Il dottor Massimiliano Caprio, responsabile del laboratorio di Endocrinologia Cardiovascolare dell'IRCCS San Raffaele Roma e professore presso l’Università telematica San Raffaele Roma, è tra gli studiosi che hanno partecipato all’Aldosterone and ENaC in Health and Disease: The Kidney and Beyond Conference, il congresso organizzato dalla società americana di Fisiologia, che dal 2 al 6 ottobre ha riunito i massimi esperti del settore. Tra i presenti anche Bertram Pitt, principal investigator dei più importanti studi clinici sugli antagonisti del recettore mineralcorticoide.

È di fronte a questa platea di rilievo che sono stati presentati i dati dello studio preclinico del finerenone (un nuovo antagonista non steroideo del recettore mineralcorticoide): il progetto, sviluppato nei laboratori dell’IRCCS San Raffaele Pisana in collaborazione con l'istituto di Istologia della Sapienza, studia gli effetti metabolici del Finerenone su un modello murino di obesità indotta attraverso una dieta ad alto contenuto di grassi. Il gruppo di ricerca ha riscontrato un miglioramento della tolleranza al glucosio ed un aumento della termogenesi a livello del tessuto adiposo bruno. E' stato, inoltre, dimostrato che il pathway molecolare, implicato nei miglioramenti metabolici indotti dal trattamento con Finerenone, coinvolge l'attivazione di AMPK, un importante sensore metabolico dell'organismo, e di ATGL, una lipasi fondamentale nella funzione dell'adipocita.
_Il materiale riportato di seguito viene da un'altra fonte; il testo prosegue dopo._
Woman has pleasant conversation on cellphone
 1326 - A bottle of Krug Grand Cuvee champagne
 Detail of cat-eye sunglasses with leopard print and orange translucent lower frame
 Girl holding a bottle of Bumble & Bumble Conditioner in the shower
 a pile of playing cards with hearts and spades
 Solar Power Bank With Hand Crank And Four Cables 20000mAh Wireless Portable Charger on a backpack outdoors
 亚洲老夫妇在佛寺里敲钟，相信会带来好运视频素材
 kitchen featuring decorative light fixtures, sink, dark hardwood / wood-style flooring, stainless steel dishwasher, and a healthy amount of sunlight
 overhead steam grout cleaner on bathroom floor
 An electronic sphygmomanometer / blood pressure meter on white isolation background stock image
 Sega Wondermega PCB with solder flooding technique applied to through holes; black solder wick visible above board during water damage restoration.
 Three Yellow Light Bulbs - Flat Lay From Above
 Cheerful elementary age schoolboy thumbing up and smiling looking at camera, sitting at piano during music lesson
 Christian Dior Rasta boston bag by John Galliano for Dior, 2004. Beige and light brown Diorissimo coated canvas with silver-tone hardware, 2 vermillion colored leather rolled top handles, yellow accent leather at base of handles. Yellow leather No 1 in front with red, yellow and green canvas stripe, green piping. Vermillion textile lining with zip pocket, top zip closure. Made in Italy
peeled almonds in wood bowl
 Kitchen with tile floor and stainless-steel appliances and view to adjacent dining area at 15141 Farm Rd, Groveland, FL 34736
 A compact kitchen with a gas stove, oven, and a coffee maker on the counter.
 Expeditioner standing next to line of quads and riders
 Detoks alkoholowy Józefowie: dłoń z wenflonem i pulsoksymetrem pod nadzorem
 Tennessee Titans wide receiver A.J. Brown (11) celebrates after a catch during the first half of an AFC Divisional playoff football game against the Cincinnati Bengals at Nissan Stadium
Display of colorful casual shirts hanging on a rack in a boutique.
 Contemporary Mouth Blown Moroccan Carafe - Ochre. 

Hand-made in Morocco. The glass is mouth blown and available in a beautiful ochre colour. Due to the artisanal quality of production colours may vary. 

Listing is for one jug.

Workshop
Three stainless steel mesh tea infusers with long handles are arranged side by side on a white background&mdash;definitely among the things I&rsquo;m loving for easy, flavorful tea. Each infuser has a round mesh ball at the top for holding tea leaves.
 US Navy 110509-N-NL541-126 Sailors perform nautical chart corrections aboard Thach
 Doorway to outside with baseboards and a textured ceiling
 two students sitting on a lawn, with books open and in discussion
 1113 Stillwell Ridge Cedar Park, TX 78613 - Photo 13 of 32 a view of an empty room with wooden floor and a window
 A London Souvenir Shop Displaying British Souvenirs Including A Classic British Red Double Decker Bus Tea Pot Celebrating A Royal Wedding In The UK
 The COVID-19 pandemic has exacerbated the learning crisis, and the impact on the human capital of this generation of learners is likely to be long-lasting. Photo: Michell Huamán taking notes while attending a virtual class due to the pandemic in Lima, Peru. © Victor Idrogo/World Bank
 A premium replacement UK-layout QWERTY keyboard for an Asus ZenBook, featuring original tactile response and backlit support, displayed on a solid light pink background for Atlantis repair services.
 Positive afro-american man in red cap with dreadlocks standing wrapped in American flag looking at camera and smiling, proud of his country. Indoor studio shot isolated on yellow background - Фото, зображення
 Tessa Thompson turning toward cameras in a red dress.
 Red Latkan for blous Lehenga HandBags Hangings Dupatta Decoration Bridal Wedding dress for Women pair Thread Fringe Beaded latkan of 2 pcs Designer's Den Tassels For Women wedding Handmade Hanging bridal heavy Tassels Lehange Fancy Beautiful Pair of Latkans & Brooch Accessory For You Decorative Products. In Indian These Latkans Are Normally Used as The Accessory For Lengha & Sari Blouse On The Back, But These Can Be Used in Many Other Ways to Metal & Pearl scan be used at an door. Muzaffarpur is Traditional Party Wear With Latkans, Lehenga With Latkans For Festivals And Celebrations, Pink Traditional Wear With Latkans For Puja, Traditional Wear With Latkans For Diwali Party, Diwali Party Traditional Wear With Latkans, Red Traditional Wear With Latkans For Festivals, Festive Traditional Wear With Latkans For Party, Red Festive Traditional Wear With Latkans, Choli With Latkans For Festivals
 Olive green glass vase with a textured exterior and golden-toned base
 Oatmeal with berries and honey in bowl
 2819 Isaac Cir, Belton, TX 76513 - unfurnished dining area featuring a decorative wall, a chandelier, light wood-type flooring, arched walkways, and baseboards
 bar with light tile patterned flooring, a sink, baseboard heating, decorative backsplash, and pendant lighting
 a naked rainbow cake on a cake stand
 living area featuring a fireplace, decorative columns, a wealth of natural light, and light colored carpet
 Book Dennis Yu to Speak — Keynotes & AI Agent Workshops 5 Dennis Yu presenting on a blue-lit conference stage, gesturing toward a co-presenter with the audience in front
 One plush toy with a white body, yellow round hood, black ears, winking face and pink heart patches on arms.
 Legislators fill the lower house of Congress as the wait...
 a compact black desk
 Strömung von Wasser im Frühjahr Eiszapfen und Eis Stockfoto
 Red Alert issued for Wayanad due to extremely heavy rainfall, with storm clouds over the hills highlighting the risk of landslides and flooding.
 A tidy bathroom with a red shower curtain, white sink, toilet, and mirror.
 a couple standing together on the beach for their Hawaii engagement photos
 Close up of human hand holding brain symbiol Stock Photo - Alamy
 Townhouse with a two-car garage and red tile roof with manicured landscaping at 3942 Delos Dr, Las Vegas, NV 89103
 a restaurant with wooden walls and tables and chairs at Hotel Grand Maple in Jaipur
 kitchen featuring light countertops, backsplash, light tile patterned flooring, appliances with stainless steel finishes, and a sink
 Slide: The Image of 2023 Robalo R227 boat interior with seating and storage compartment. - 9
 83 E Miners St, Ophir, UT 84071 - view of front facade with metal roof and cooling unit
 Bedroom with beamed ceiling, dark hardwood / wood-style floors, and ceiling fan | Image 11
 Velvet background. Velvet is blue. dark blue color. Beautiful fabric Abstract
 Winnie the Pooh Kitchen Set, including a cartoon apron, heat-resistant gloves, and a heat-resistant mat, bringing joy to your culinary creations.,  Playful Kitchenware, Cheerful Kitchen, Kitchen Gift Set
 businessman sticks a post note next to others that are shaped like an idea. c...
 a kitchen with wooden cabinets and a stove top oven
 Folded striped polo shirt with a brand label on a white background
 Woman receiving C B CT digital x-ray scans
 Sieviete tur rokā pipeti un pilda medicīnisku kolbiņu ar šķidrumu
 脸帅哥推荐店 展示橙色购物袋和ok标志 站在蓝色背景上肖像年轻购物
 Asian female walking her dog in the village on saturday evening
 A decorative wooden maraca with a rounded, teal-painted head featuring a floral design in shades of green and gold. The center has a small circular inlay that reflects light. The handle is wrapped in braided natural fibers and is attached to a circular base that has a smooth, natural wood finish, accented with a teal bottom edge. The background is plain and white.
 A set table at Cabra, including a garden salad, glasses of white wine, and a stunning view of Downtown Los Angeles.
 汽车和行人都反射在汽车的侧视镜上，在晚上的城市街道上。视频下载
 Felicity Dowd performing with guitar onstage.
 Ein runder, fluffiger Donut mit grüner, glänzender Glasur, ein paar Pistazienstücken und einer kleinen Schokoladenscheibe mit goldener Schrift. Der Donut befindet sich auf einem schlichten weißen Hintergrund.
Tema di grande attualità quello della lotta all’obesità, la grave patologia che affligge un bambino italiano su tre: un record negativo nel panorama europeo secondo il rapporto sulla malnutrizione infantile della Ong Helpcode, pubblicato in vista delle Giornate mondiali contro l'obesità in calendario per ieri 10 ottobre, e per l’alimentazione, che si terrà mercoledì 16.